Turgay Güler'in hazırlayıp sunduğu Sıradışı Tarih
programında bu bölüm Prof. Dr. Mehmet Çelik ile birlikte misyonerlik,
Türkiye’deki misyonerlik faaliyetleri, Hristiyanlık’ın doğuşu ve yayılması,
milli yemek kültürü, sağlıksız gıdalar ve tehlikeleri masaya yatırıldı.
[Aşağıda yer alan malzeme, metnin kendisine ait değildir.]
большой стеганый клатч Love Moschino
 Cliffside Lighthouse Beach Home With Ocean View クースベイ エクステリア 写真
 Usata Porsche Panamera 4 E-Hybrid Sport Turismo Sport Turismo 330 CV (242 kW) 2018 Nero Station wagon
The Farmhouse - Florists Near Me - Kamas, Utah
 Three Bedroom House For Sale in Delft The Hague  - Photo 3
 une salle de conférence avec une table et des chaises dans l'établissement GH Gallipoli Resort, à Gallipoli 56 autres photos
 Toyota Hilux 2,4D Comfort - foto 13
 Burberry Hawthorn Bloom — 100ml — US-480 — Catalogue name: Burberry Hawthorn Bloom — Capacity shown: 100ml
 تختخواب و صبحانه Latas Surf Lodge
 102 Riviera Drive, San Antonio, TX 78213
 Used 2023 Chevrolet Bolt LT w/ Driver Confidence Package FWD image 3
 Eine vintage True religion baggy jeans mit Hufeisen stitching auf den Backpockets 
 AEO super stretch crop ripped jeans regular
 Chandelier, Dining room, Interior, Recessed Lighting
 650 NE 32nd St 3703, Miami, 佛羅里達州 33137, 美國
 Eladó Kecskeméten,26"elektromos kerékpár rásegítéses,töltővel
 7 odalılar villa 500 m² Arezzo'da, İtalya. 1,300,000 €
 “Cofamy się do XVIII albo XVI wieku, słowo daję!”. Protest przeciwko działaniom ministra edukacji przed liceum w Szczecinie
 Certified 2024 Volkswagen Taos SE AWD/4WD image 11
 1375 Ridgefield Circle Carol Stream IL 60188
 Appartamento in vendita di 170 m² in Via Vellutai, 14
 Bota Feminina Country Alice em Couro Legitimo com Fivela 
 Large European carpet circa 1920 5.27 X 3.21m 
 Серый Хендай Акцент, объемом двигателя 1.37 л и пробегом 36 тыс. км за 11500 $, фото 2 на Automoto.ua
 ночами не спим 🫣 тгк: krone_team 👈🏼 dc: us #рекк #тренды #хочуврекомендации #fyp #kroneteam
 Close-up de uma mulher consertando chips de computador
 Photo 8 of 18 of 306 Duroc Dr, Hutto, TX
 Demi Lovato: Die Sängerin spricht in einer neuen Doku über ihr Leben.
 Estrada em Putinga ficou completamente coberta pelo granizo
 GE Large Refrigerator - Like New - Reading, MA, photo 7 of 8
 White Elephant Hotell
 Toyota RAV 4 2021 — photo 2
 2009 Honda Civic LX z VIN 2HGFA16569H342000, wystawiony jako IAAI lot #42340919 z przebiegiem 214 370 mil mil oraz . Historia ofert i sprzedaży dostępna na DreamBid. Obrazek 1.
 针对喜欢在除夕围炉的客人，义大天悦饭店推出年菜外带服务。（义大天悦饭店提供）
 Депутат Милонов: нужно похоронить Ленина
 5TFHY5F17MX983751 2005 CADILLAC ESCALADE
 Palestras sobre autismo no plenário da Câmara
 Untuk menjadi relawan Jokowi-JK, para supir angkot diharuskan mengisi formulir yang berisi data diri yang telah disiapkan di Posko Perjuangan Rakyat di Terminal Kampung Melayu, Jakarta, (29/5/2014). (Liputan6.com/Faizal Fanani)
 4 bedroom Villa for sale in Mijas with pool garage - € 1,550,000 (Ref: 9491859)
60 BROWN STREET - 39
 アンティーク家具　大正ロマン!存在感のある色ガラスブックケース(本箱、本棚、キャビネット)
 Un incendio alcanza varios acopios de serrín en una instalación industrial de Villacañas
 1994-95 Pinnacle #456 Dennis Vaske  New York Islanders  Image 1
Programda “Misyonerlik suç mudur? Misyonerlik nasıl ortaya
çıktı? Misyonerlik Osmanlı coğrafyasını nasıl karıştırdı? Brunson Türkiye’de
nasıl bir casusluk hareketi gerçekleştirdi?” sorularının yanıtı Sıradışı
Tarih’te ekrana geldi.
Prof. Dr. Mehmet Çelik, misyonerlik ile ilgili “Görünüşte
İslam’daki tebliğ hareketinin bir karşılığı sanki. Misyonerlik teşkilatları
dini maske altında emperyalizmin aparatı olarak kullanılmıştır” sözlerinin
ardından “Özellikle Afrika’da, Ortadoğu’da misyonerler öyle önemli
faaliyetlerde bulundular ki, bu tabipler en fazla bunun önceliğini yapıyordu,
sonra okullar kurarak bunu yapmaya çalıştılar. Misyoner teşkilatları meslek
açısından eleman değişikliğine gittiler” açıklamasında bulundu.
Çelik, Brunson’un Türkiye’deki faaliyetlerine değinerek
“İnsan hakları evrensel beyannamesinde derki, ‘Her insan dini inancında
serbesttir ve onun gereklerini yerine serbestçe getirir’ buna birleşmiş
milletlere üye olan bütün devletler de imza atmışlardır, biz de imza atmışız.
Uluslararası bir anlaşmaya imza atmışsınız din hürriyeti açısından. Bu adam
burada gelip rahatça dini faaliyetlerde bulunacaktır, kanunen bunu
engelleyemeyiz. Biz de gidip Almanya’da camii açıyoruz, cemaatle namaz
kılıyoruz, dini törenlerde bulunuyoruz, çocuklarımıza din eğitimi veriyoruz, bu
evrensel bir anlayıştır, İslam’da bu anlayışı onaylar” açıklamasının ardından
“Brunson’u medyada askeri casuslukla suçladılar, savcılık iddianamelerine de
girdi. Bu adam askeri casuslukla suçlanamaz, Amerikan vatandaşı. Onun dosyasını
gördüm, bu sosyal casusluk yapıyor” ifadelerini kullandı.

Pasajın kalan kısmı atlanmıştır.